Everyone is growing up and being adults and doing LIFE. I feel left behind. Is there still hope? Or am I literally the only single 27 year old on the planet. Pretty sure I am.
I will be 28 at the end of this year, and I am feeling very anxious about the next stage of my life. and this coronavirus lock-down has worsened my loneliness
I am generally very sociable, and have built a wide circle of friends. However, lately, I have found that many of my friends are in committed, settled relationships, and I worry that I have nothing in common with my peers any more. I am grateful to have had three romantic relationships in my 20s, although none of these have worked out. I have considered dating, but I find that a lot of men my age and older are more interested in women who are in their early 20s. This has surprised me and made me feel insecure about searching for a partner.
I lived in a different city when I went to university, and I have been lucky to have visited several countries all over the world throughout my life, but now I am working in a career in the city I was born in, and I feel very restless and unmotivated. I have considered moving abroad, but I am lucky to have the job that I have and I am not sure it would be productive to leave it.

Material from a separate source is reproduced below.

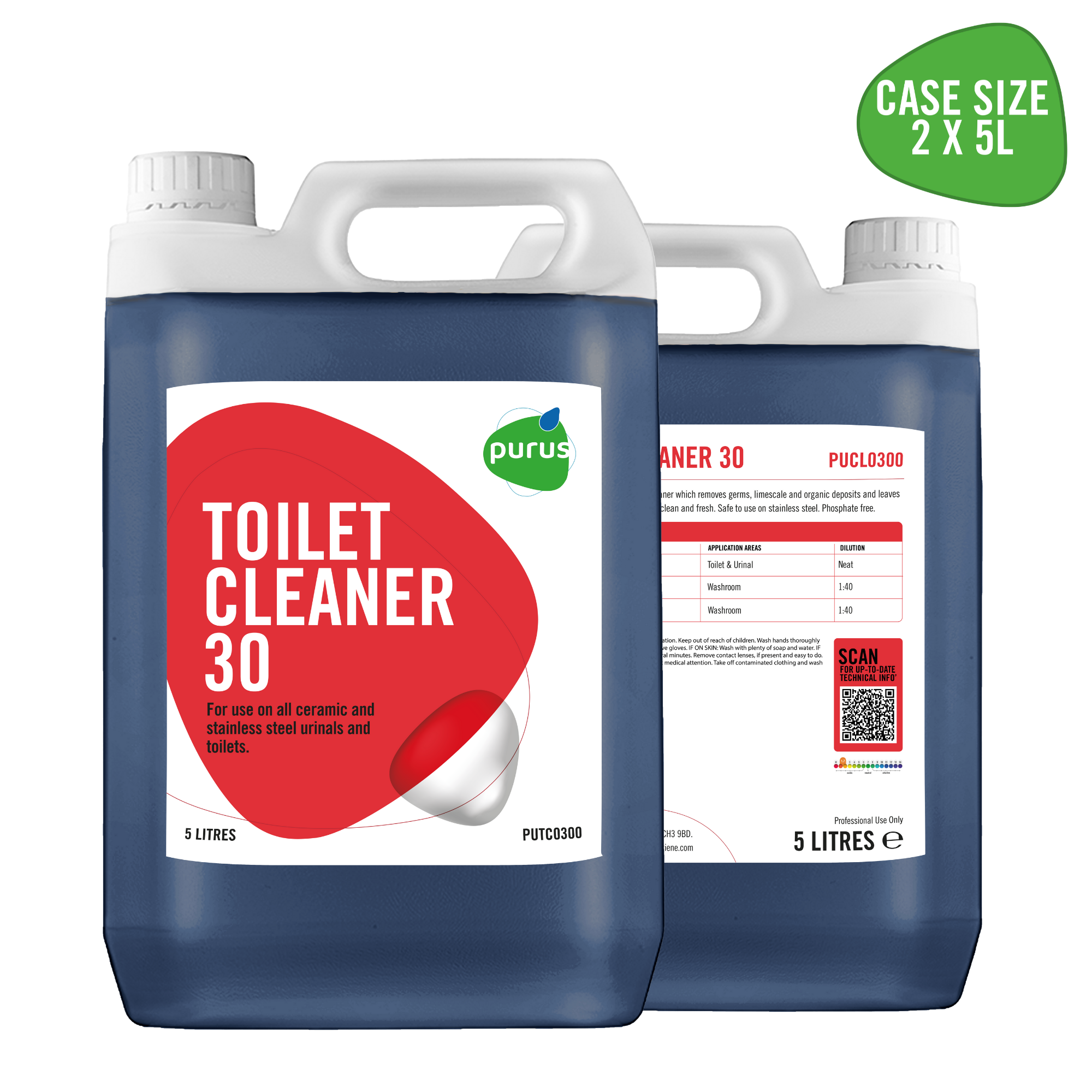 Purus Toilet Cleaner 30 | Perfumed Toilet Cleaner & Descaler  - 2 x 5 Ltr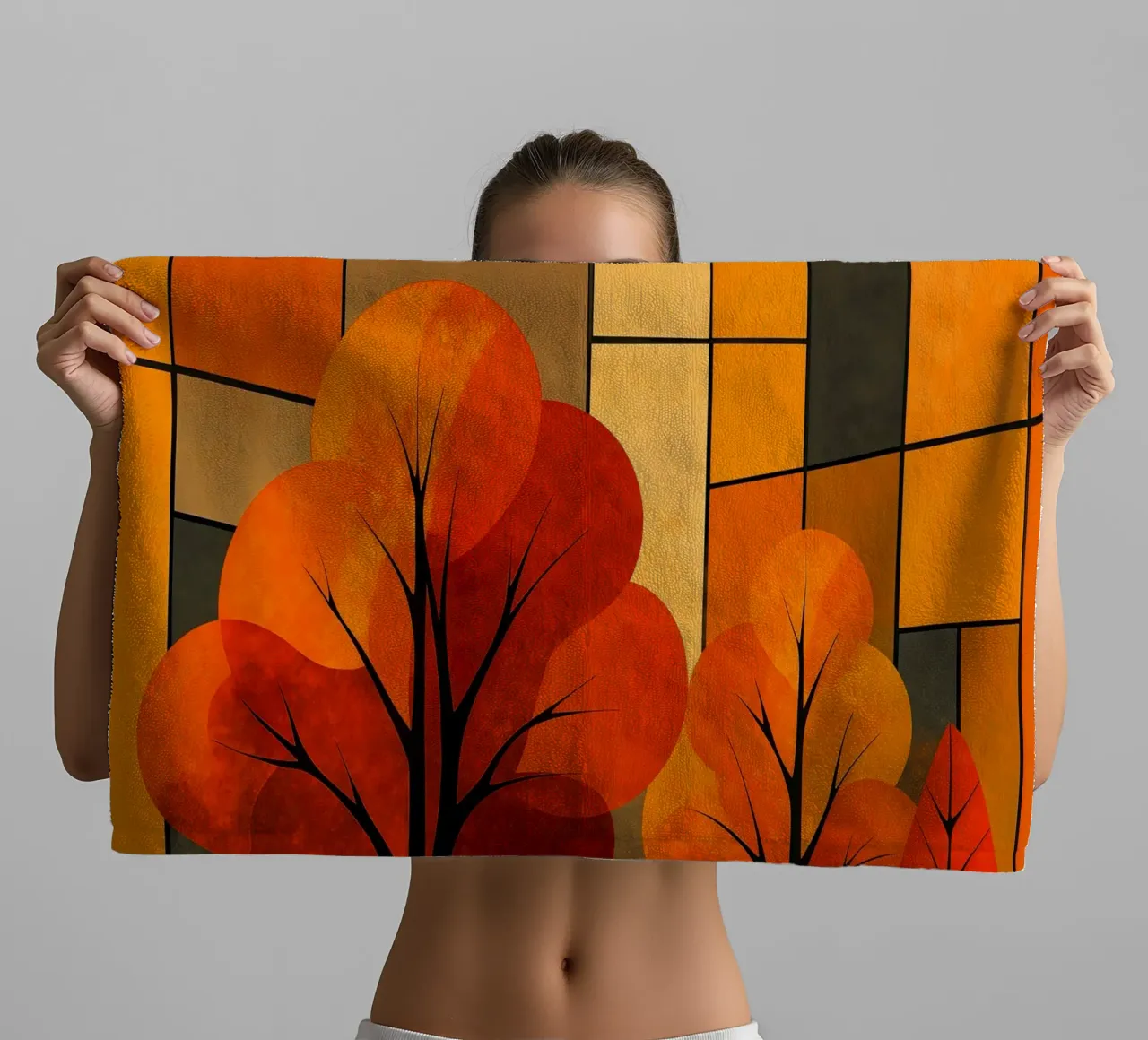 Bauhaus Architecture In Autumn towel by ARTOMATIC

I am also concerned that I would face the same challenges abroad, such as having things in common with peers who are in settled relationships. I am not sure that I am happy with the way that my life has gone over the past decade, and I am worried it is too late to do anything meaningful or exciting. I can appreciate that I have my health and that I have a lot of life left to live, but I can’t shake this feeling of dread and anxiety about what is coming next.